BEGIN

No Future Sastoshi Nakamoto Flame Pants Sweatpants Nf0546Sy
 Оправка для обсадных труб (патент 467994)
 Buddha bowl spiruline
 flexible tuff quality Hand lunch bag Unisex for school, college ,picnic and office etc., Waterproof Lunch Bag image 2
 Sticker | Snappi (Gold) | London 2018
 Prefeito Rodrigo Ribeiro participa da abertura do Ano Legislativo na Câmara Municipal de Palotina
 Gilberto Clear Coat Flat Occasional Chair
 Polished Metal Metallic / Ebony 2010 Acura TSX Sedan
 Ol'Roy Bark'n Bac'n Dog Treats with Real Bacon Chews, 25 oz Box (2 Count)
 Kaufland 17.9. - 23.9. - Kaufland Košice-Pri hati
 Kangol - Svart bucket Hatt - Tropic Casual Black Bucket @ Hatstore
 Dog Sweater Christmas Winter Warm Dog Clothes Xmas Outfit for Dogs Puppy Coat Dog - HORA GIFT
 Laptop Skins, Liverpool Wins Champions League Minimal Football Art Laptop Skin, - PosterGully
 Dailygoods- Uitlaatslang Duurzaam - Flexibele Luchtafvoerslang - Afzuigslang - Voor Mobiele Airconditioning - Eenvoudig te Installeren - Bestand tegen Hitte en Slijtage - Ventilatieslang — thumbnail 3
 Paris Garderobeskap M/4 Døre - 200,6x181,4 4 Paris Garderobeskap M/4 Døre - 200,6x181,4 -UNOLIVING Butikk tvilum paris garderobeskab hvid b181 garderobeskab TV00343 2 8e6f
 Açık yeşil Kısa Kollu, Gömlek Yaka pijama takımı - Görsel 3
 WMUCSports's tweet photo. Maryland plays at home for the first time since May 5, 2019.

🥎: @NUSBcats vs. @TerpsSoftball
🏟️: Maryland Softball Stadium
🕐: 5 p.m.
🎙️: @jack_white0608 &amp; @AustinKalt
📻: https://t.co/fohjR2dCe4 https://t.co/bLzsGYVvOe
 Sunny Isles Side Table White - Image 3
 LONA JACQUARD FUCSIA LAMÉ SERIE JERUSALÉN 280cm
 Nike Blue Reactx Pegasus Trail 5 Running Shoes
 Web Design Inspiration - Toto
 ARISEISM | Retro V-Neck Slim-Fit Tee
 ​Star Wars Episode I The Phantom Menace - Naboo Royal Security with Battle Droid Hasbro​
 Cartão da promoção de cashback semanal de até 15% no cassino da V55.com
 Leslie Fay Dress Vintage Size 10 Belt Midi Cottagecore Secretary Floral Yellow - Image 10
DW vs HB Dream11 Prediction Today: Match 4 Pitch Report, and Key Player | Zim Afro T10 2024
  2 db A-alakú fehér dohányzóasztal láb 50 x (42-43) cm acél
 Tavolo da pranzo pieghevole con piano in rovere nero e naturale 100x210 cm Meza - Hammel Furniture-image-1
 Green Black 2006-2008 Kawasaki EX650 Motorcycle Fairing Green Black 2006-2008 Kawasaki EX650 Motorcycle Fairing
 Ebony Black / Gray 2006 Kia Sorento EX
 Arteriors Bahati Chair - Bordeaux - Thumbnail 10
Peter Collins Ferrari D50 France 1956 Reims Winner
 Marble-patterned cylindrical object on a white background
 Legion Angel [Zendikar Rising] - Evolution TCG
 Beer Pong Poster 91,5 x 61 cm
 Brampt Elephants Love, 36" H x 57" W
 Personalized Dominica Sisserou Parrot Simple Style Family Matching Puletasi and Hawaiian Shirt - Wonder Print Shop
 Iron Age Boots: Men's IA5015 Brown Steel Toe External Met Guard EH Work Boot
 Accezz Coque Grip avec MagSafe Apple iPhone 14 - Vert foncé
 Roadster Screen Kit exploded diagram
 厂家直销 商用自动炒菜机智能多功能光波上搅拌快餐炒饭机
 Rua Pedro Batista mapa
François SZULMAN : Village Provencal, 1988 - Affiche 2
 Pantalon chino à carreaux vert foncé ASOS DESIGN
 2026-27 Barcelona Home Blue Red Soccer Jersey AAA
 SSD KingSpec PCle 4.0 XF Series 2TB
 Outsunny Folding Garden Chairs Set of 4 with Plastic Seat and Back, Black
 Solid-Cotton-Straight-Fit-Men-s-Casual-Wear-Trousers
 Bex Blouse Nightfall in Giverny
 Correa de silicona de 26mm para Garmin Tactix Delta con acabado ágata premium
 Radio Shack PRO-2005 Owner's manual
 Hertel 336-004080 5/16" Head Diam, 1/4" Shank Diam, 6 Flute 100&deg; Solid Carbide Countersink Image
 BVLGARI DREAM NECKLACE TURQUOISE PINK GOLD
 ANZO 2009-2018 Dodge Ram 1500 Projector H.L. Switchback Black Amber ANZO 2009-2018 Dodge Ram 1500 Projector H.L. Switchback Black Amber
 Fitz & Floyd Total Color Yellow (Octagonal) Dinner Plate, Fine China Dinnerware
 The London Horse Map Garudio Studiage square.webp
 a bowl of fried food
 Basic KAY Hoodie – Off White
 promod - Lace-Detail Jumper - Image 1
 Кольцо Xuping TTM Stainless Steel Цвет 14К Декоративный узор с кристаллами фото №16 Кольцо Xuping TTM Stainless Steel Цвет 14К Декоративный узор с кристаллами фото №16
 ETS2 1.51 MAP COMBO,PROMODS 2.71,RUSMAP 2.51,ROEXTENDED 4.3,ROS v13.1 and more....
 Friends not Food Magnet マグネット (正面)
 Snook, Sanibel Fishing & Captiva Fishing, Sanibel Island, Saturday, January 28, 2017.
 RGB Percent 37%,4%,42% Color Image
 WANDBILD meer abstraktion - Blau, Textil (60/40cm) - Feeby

END

Could you output exactly the lines from the one containing "Iron Age Boots: Men's" to the end of the entries above, both included, and no others?

**WRITTEN ANSWER**
 Iron Age Boots: Men's IA5015 Brown Steel Toe External Met Guard EH Work Boot
 Accezz Coque Grip avec MagSafe Apple iPhone 14 - Vert foncé
 Roadster Screen Kit exploded diagram
 厂家直销 商用自动炒菜机智能多功能光波上搅拌快餐炒饭机
 Rua Pedro Batista mapa
François SZULMAN : Village Provencal, 1988 - Affiche 2
 Pantalon chino à carreaux vert foncé ASOS DESIGN
 2026-27 Barcelona Home Blue Red Soccer Jersey AAA
 SSD KingSpec PCle 4.0 XF Series 2TB
 Outsunny Folding Garden Chairs Set of 4 with Plastic Seat and Back, Black
 Solid-Cotton-Straight-Fit-Men-s-Casual-Wear-Trousers
 Bex Blouse Nightfall in Giverny
 Correa de silicona de 26mm para Garmin Tactix Delta con acabado ágata premium
 Radio Shack PRO-2005 Owner's manual
 Hertel 336-004080 5/16" Head Diam, 1/4" Shank Diam, 6 Flute 100&deg; Solid Carbide Countersink Image
 BVLGARI DREAM NECKLACE TURQUOISE PINK GOLD
 ANZO 2009-2018 Dodge Ram 1500 Projector H.L. Switchback Black Amber ANZO 2009-2018 Dodge Ram 1500 Projector H.L. Switchback Black Amber
 Fitz & Floyd Total Color Yellow (Octagonal) Dinner Plate, Fine China Dinnerware
 The London Horse Map Garudio Studiage square.webp
 a bowl of fried food
 Basic KAY Hoodie – Off White
 promod - Lace-Detail Jumper - Image 1
 Кольцо Xuping TTM Stainless Steel Цвет 14К Декоративный узор с кристаллами фото №16 Кольцо Xuping TTM Stainless Steel Цвет 14К Декоративный узор с кристаллами фото №16
 ETS2 1.51 MAP COMBO,PROMODS 2.71,RUSMAP 2.51,ROEXTENDED 4.3,ROS v13.1 and more....
 Friends not Food Magnet マグネット (正面)
 Snook, Sanibel Fishing & Captiva Fishing, Sanibel Island, Saturday, January 28, 2017.
 RGB Percent 37%,4%,42% Color Image
 WANDBILD meer abstraktion - Blau, Textil (60/40cm) - Feeby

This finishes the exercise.